The most recent call occurred 2 days ago.  Before I detail the call for you, I want to tell you about my Lakota friend’s husband.  Understanding this man is germane to understanding the event.  It is also important to understand a bit about rez life, so I will also go into that a bit in case you don’t know very much about it.

As I said at the beginning of this post, life on the rez is very complicated.  That statement might actually be an understatement.  There is the poverty the underpins almost everyone’s life, since 90% of the residents live at or below the poverty level.  There are divisions that tear at the fabric of the culture:  pure-blood vs mixed-blood, traditional vs contemporary, activist vs passivist, etc.  There are times when the true Lakota culture, its values and traditions, are ignored or perverted.  Elders, women and children are considered sacred yet domestic violence is rampant.  Based on the traditional clannishness of historical Lakota life, who your family is can be more important that who you are or what idea you may have.  Nepotism and corruption abound.  The tribal council has actually tolerated disrespect among its members. People who are elected do not have to meet any age or educational requirements.  Politics play a bigger part in who gets a job than does who is the best qualified.

My friend’s husband is a big man but he is not the kind of man who uses his size to intimidate.  He is quiet and funny.  He is very smart and currently working on his college degree in business.  He would like to see honesty and respect return to the tribe and the interactions of the people who live on Pine Ridge.  He is a man of integrity who married my friend when she was a single mother raising 4 teen-aged daughters.  That takes courage in any culture!

All of that information is what made the phone call I received from my friend 2 days ago even more unthinkable.  She called to tell me that her husband was going to be arrested and she could find no one on the rez who could loan them $125 for bail money!

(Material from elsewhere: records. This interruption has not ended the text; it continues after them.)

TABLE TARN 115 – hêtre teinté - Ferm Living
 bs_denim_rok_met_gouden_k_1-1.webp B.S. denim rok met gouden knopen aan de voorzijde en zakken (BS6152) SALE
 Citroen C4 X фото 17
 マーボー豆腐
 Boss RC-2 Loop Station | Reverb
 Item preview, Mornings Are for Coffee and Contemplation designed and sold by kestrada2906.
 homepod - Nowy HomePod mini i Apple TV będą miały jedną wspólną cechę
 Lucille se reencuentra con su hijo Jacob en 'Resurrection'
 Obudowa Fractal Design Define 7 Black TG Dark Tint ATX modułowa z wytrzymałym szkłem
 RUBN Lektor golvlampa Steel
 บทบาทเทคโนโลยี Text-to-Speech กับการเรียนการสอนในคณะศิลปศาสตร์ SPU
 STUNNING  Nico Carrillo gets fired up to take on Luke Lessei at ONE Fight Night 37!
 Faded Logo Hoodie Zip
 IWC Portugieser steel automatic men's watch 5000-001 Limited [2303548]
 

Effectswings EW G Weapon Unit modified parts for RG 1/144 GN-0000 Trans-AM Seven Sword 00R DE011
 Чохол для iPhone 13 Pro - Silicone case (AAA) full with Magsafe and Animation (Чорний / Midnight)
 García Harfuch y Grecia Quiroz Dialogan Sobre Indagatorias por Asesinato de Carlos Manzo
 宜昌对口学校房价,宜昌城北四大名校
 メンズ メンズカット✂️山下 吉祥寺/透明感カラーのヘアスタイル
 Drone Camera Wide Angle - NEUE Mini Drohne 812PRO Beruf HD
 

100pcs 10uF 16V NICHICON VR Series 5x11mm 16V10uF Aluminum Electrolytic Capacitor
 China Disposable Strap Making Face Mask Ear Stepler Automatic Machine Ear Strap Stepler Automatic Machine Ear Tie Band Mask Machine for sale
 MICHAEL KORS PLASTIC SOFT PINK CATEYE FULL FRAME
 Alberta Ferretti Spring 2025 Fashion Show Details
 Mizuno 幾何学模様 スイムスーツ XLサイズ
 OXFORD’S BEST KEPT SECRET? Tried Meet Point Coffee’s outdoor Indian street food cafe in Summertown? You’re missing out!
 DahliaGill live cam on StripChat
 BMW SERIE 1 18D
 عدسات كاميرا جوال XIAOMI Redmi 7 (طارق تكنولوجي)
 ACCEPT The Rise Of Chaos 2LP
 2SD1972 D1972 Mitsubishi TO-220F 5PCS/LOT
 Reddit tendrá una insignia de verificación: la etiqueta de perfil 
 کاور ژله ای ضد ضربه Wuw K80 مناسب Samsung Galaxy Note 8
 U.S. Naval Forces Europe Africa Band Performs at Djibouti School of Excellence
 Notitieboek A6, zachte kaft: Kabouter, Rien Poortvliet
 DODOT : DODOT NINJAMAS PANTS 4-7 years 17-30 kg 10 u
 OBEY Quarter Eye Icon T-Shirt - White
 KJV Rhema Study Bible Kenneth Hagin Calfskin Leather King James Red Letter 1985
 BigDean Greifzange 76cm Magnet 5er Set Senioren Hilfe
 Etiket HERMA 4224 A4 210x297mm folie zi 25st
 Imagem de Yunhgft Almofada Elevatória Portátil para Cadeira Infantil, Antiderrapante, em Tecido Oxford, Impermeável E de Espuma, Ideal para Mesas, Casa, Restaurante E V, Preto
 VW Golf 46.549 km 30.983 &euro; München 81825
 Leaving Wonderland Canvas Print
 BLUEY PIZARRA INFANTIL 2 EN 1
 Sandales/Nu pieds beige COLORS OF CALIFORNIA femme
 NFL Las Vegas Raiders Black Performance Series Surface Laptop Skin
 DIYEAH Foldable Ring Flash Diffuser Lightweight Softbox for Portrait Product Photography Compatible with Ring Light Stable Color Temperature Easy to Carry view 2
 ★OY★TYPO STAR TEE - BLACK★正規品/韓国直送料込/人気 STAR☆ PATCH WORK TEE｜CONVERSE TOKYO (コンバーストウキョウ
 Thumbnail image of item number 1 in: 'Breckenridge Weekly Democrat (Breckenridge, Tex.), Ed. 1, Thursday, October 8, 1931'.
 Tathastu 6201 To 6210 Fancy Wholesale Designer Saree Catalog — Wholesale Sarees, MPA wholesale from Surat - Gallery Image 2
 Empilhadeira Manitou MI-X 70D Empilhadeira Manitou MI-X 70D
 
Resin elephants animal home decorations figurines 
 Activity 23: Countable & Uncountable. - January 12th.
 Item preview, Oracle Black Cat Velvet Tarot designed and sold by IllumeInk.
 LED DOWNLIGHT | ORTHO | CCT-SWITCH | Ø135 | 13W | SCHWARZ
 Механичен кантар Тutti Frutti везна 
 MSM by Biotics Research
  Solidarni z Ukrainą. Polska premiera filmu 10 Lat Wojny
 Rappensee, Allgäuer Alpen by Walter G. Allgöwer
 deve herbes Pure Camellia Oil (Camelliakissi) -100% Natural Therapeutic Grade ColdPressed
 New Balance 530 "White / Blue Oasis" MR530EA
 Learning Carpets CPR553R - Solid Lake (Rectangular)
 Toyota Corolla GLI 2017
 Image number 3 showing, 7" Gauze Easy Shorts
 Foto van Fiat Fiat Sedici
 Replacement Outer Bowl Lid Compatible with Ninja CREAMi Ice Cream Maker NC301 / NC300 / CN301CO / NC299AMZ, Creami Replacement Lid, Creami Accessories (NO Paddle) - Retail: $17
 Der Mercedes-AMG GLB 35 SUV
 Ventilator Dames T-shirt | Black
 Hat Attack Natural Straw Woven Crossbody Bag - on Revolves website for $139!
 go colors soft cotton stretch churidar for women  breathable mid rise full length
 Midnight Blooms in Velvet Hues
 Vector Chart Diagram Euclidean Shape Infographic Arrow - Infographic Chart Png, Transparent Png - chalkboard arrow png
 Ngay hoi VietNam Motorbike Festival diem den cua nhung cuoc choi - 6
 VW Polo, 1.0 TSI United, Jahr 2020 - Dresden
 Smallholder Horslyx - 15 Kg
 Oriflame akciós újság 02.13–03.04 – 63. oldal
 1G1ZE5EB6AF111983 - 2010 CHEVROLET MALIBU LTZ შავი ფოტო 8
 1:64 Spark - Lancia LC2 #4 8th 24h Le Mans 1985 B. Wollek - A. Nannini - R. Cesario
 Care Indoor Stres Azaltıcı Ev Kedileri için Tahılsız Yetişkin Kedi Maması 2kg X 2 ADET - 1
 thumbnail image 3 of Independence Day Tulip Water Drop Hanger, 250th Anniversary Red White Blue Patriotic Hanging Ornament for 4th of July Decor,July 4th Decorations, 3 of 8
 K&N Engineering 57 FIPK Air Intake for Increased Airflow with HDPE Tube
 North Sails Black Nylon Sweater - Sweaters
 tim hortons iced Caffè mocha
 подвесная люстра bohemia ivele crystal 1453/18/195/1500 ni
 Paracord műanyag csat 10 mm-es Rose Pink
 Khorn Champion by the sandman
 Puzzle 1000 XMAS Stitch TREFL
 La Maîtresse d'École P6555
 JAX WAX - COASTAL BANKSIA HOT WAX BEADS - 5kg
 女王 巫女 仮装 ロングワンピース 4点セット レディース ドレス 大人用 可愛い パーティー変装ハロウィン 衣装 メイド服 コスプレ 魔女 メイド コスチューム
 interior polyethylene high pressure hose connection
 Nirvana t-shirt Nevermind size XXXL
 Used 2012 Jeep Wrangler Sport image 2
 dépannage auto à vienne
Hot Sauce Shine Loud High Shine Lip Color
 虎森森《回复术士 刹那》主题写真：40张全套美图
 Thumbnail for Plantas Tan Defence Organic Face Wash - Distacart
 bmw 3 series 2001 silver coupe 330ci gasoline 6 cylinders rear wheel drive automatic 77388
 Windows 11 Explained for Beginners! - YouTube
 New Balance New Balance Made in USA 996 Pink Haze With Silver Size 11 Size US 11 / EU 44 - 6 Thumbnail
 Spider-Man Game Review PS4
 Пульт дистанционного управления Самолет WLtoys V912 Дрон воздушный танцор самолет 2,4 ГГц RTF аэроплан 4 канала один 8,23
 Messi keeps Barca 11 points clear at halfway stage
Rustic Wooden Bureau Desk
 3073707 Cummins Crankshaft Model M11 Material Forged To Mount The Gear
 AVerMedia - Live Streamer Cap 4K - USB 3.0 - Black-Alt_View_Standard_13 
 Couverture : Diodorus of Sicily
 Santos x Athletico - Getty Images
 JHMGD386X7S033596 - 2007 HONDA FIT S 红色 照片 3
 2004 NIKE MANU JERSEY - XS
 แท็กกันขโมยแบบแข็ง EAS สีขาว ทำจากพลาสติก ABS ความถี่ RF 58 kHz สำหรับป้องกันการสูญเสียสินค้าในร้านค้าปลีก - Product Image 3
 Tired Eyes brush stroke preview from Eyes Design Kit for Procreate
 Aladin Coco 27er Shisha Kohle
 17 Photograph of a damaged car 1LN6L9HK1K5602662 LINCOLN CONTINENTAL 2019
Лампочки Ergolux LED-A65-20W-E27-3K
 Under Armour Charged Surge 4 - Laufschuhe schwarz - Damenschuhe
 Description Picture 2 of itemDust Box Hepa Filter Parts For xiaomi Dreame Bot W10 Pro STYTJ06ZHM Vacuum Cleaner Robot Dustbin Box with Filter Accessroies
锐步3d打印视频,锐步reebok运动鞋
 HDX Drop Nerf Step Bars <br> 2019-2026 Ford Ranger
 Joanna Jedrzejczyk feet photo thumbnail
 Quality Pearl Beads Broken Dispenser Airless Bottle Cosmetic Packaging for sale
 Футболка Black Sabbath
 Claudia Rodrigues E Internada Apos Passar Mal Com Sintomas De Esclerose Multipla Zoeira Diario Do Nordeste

If it had not been for the panic in her voice, I’d have thought it was a joke.  I have always told her that, if the girls got into trouble, there was no money available for bail money.  Just not going to happen.  But the panic was there.

Here is the story that I pieced together:  They had submitted, to the proper person, a voucher for gas to go to a health appointment for her daughter.  Somehow, it had disappeared (mistakenly thrown out, intentionally “misplaced”, who knew?); they resubmitted it.  The check was supposed to be ready that day but wasn’t.  My friend’s husband called the office and the clerk told him she had seen the check in the official’s office.  So my friend’s husband called the official and, as he stated, “in a voice of authority” told the official that he would come down to the office “to straighten things out.”  The official decided that was a threat and called the police to arrest my friend’s husband for threatening a tribal official.

This had been on the phone.  My friend’s husband did not assault anyone nor did he go into the office and create a scene.  [I must say it is probably a good thing I don’t live on the rez; I’m not sure I could keep my temper in the face of all the “crap” that goes on.  I’d probably be a “regular” with the jailer under that criteria.]  If she could not bail him out, he would be suspended from college and lose his scholarship money.  It would destroy everything he has worked so hard to achieve thus far.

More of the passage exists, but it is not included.